Without the pictures, retype each line below exactly as it stands.
--
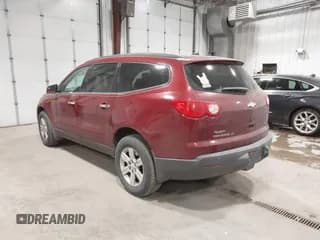 ✅ 2010 Chevrolet Traverse 1LT • VIN: 1GNLVFEDXAS144455 • Lot: 43410258. Wystawiony na IAAI z przebiegiem 159 271 mil. Bezpłatny archiwum sprzedaży aukcyjnych z USA i szczegółowy raport historii pojazdu na DreamBid. Zdjęcie 3.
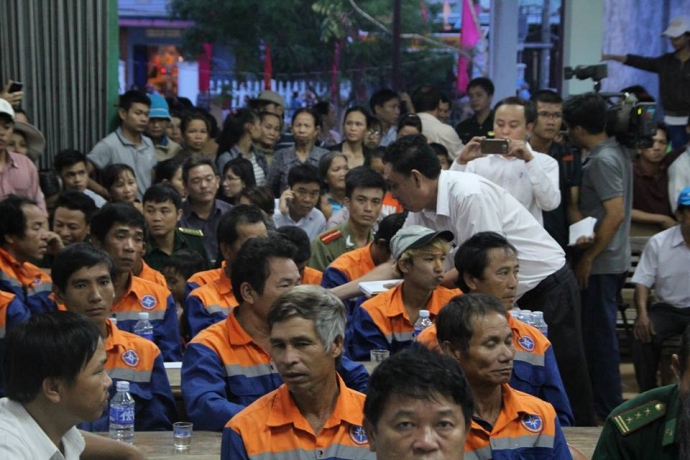 Ho-tro-thuyen-vien-tau-ca-gap-nan-tai-Hoang-Sa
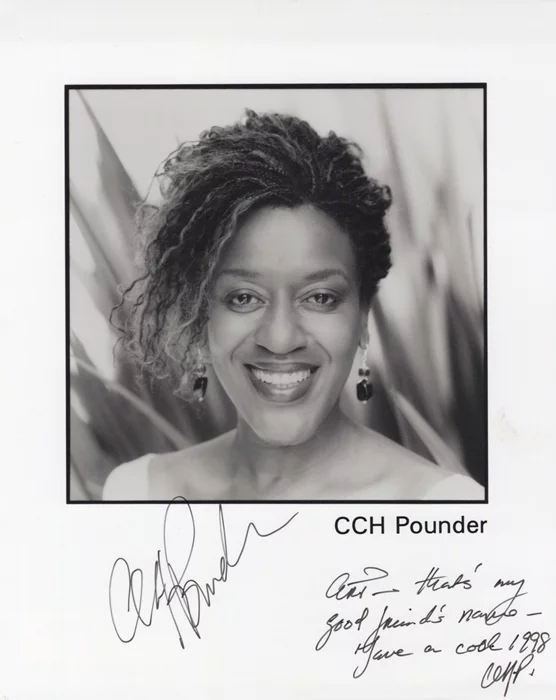 CCH Pounder autograph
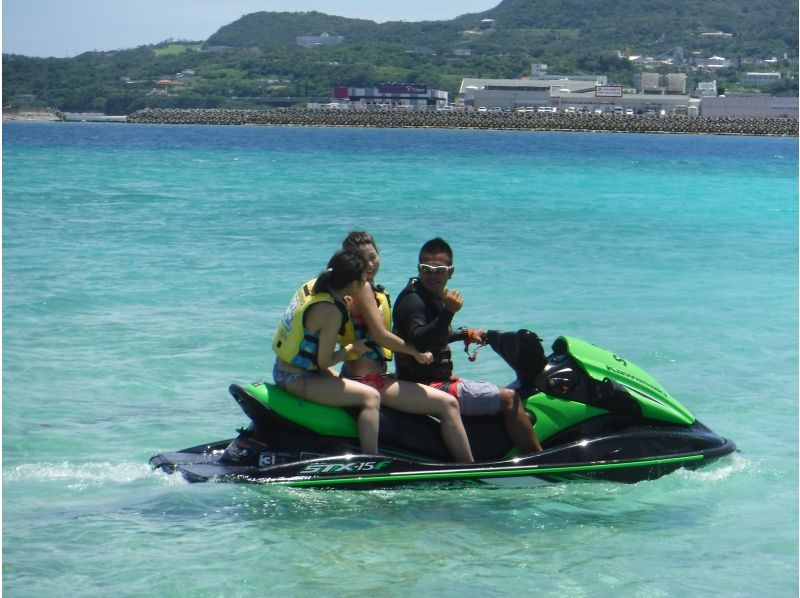 [Okinawa, Sesoko Island] Free 4K camera (GoPro) photo shoot gift ♪ Banana boat snorkeling tour & jet ski & 1 type of marineの紹介画像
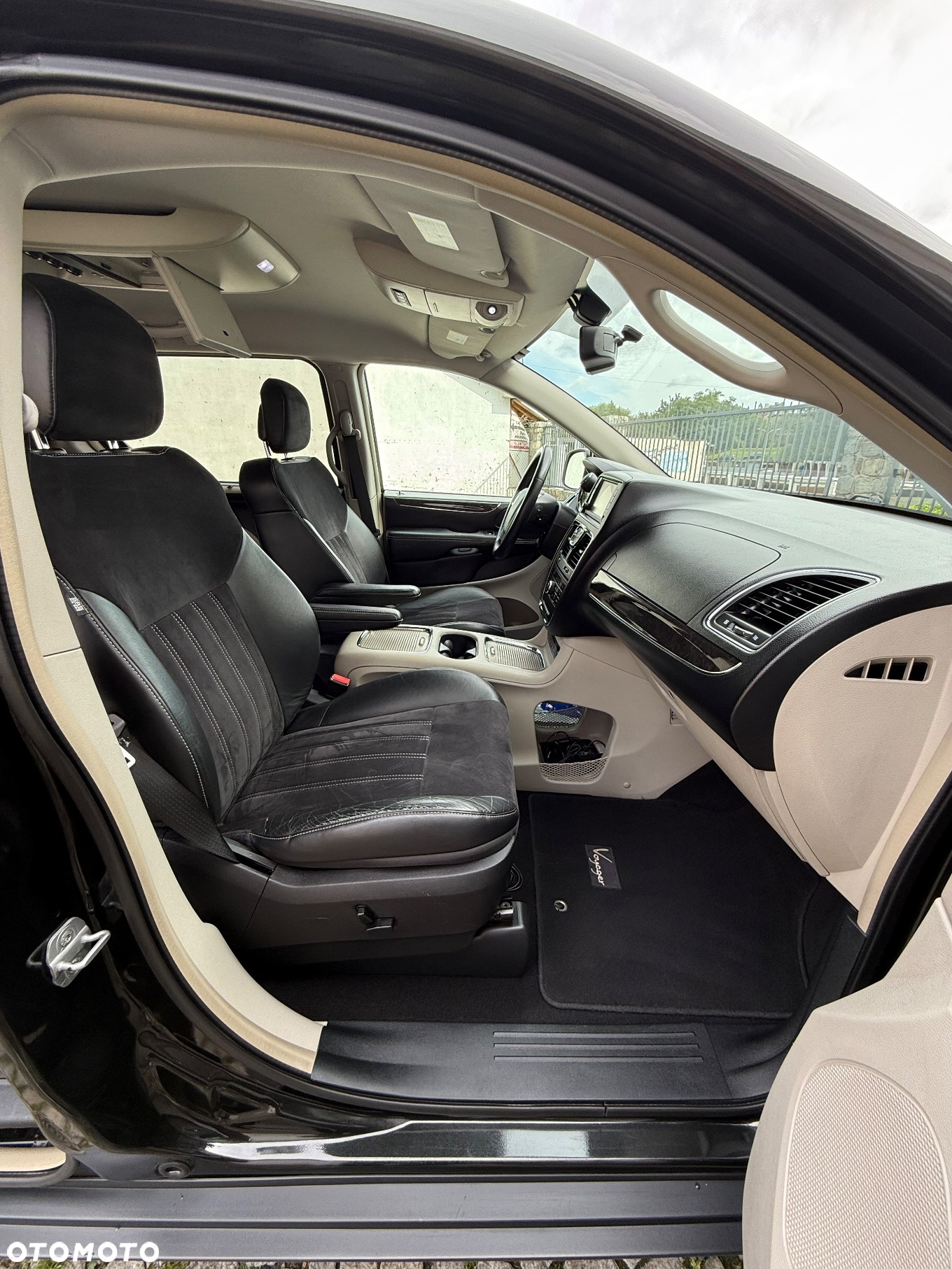 Lancia Voyager - 28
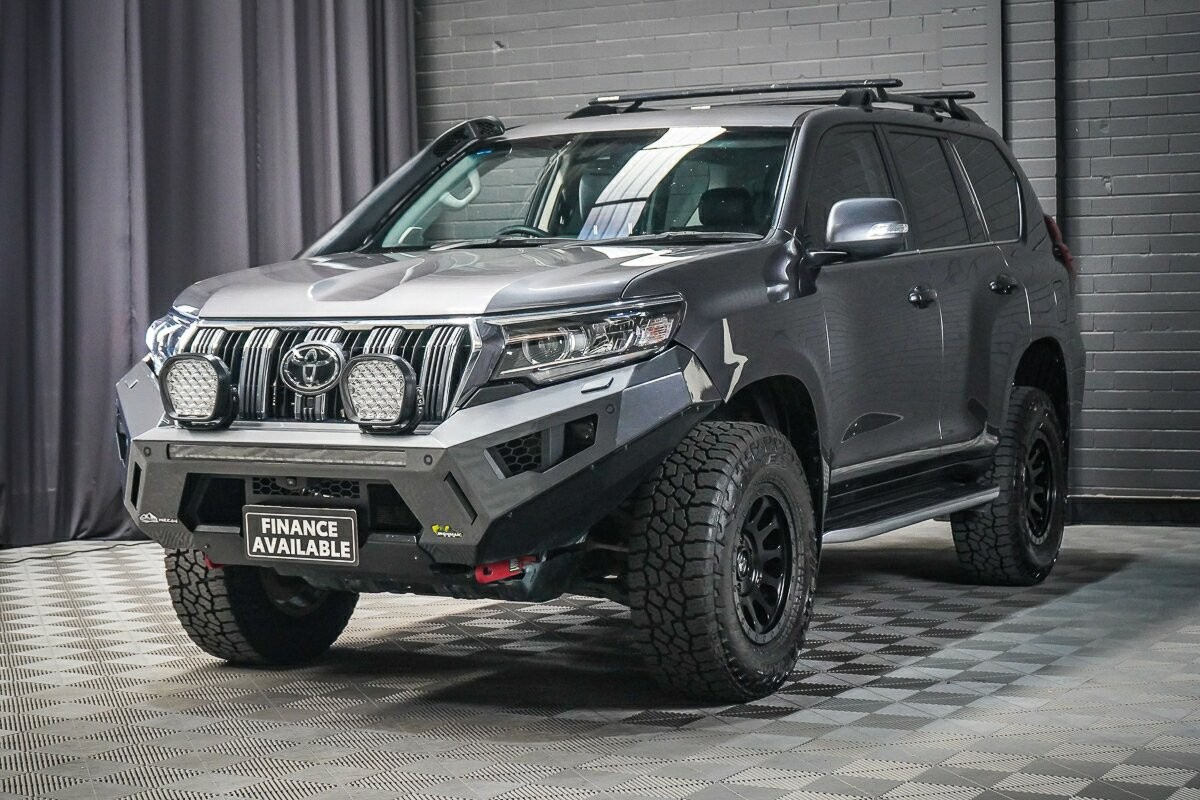 Toyota Landcruiser Prado image 4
--
■ **Output**
 ✅ 2010 Chevrolet Traverse 1LT • VIN: 1GNLVFEDXAS144455 • Lot: 43410258. Wystawiony na IAAI z przebiegiem 159 271 mil. Bezpłatny archiwum sprzedaży aukcyjnych z USA i szczegółowy raport historii pojazdu na DreamBid. Zdjęcie 3.
 Ho-tro-thuyen-vien-tau-ca-gap-nan-tai-Hoang-Sa
 CCH Pounder autograph
 [Okinawa, Sesoko Island] Free 4K camera (GoPro) photo shoot gift ♪ Banana boat snorkeling tour & jet ski & 1 type of marineの紹介画像
 Lancia Voyager - 28
 Toyota Landcruiser Prado image 4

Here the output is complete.